那一年,岩火龙18岁,仿佛在一个晚上就长大了。回到了中课佤寨后,他做的第一件事就是到附近各个佤山村寨,把所见所闻一股脑儿讲给父老乡亲听。他动情地说:“我还从没听说过汉人欢迎少数民族,也从没看过官家来欢迎老百姓,共产党来了,解放军来了,都变成真的了。阿佤人只有永远听毛主席的话,跟共产党走,热爱我们的祖国,才能过上好日子,阿佤人才有希望。”

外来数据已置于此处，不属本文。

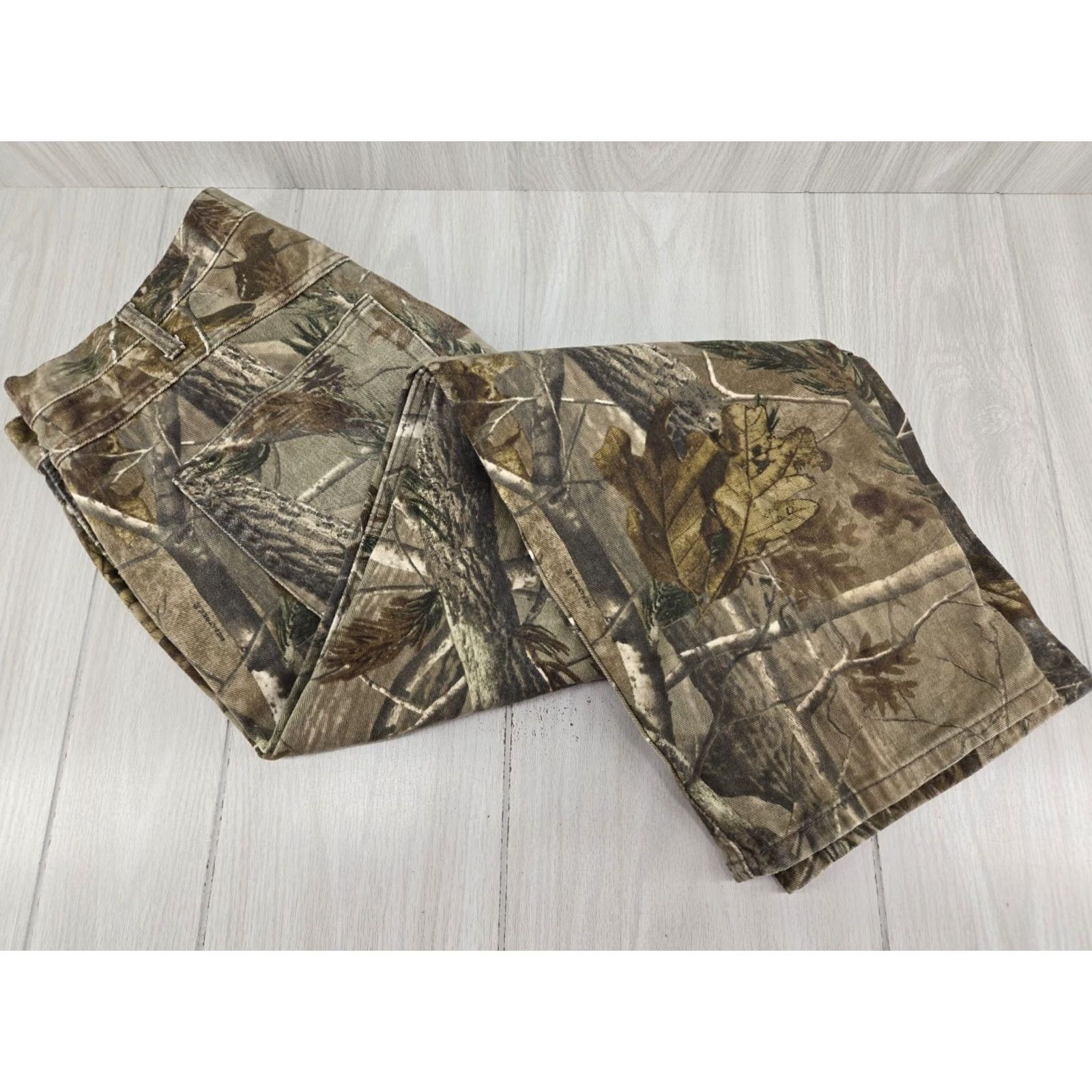 Realtree VINTAGE Realtree Jeans Men's 38x30 Camouflage Double Knee Denim Size US 38 / EU 54 - 4 Thumbnail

1951年2月,当地政府选送岩火龙进了普洱专区民族干部训练班。他如饥似渴地学知识,学文化,学党的方针政策。多少个夜晚,学员们都入睡了,他还在油灯下苦苦读书写字,只为多学点知识,为阿佤人走出大山,迈向新生活奉献绵薄之力。多少个黎明,他坐在澜沧江边,期盼着东方旭日跳出江面,让火红的太阳普照在澜沧江上,让阿佤人都过上美滋滋的好日子。

我那天乘车路过澜沧江,看到在群山苍翠的映衬下,奔流的江水都被染成碧绿碧绿的了。时值傍晚,残阳如血,一抹霞光照在澜沧江上。岁月一晃流逝了70年,那个佤族小伙子的故事仍在佤山村寨广为流传:

岩火龙眼睛湿润了,沉浸在温馨回忆中。他抚摸着胸前一枚枚纪念章,感觉昨天的幸福来得那般神奇。岩火龙有着阿佤人的天性,是个快乐的年轻人,只是他也有不开心的事,打不开的结。养父岩顶在听了他的国庆观礼见闻之后,对共产党、解放军有了一定的认识,但面对中缅边境国民党李弥残部的暗中威胁和猖狂反扑,仍疑虑重重。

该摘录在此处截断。